Il riesame dell’AIA (Autorizzazione Ambientale Integrata) per questo tipo di impianti, di cui si parla da tempo, sembra stia per essere avviato anche se, va detto per onestà, i tempi fisiologici per il completamento del procedimento non saranno brevi, e rischiano di concludersi a ridosso della data in cui è previsto l’abbandono del carbone e la conseguente sospensione dell’attività della centrale.
Legambiente nazionale infatti, informa che entro fine gennaio, tutti i grandi impianti di combustione che utilizzano carbone o altri combustibili saranno obbligati ad avviare il procedimento per il riesame dell’AIA, che (per gli impianti a carbone) dovrà comprendere anche il piano di fermata definitiva e messa in sicurezza entro i termini previsti dalla SEN (Strategia Energetica Nazionale), ossia entro il 31 dicembre 2025.
Lo ha stabilito il Ministero dell’Ambiente a fine novembre, con un decreto attuativo del Codice dell’Ambiente 152/2006, che prevede appunto il riesame/rinnovo delle AIA per i grandi impianti di combustione, sulla base delle conclusioni della Commissione UE sulle migliori tecnologie disponibili (BAT).
Sulla fuoriuscita dal carbone al 2025, dal decreto si apprende che, ad inizio ottobre, il Ministero dell’Ambiente ha richiesto al Ministero dello Sviluppo economico una verifica in relazione ad eventuali motivi ostativi all’attuazione della previsione della SEN, anche in considerazione della necessità di garantire la sicurezza energetica e che il Ministero dello Sviluppo economico non segnalava alcun impedimento.
Tenuto conto della tempistica prevista per il riesame (4 anni) il Ministero dell’Ambiente ha stabilito anche che gli impianti a carbone debbano presentare la documentazione per il riesame entro il 31 gennaio 2019.
Bene!
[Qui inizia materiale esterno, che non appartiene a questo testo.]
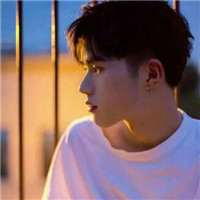 冷酷帅气高冷个性男生微信头像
Ora però ci si preoccupi per il futuro di quest’area di quasi 30 ettari.
Le proposte di Legambiente, formulate nell’incontro pubblico a gennaio 2018 e del tutto attuali, sono, per quanto ne sappiamo, le uniche sul tavolo e vogliono essere un contributo concreto per un progetto di riconversione che deve essere avviato immediatamente, con il coinvolgimento di Istituzioni, soggetti economici (A2A in primis), Organizzazioni sindacali.
Ricordiamo i punti essenziali della proposta:
Produzione e accumulo di energia: realizzazione di un parco Fotovoltaico di almeno 3 MW di potenza installata (circa 3 ettari), cui abbinare un sistema di accumulo (Storage); tenuto conto che dalla centrale partono importanti linee di trasporto di energia, questo può essere un elemento molto appetibile per l’insediamento di una centrale di accumulo, utilizzando un import di batterie dei veicoli elettrici non più idonee per l’alimentazione delle autovetture ma con un 30% di carica residua da sfruttare.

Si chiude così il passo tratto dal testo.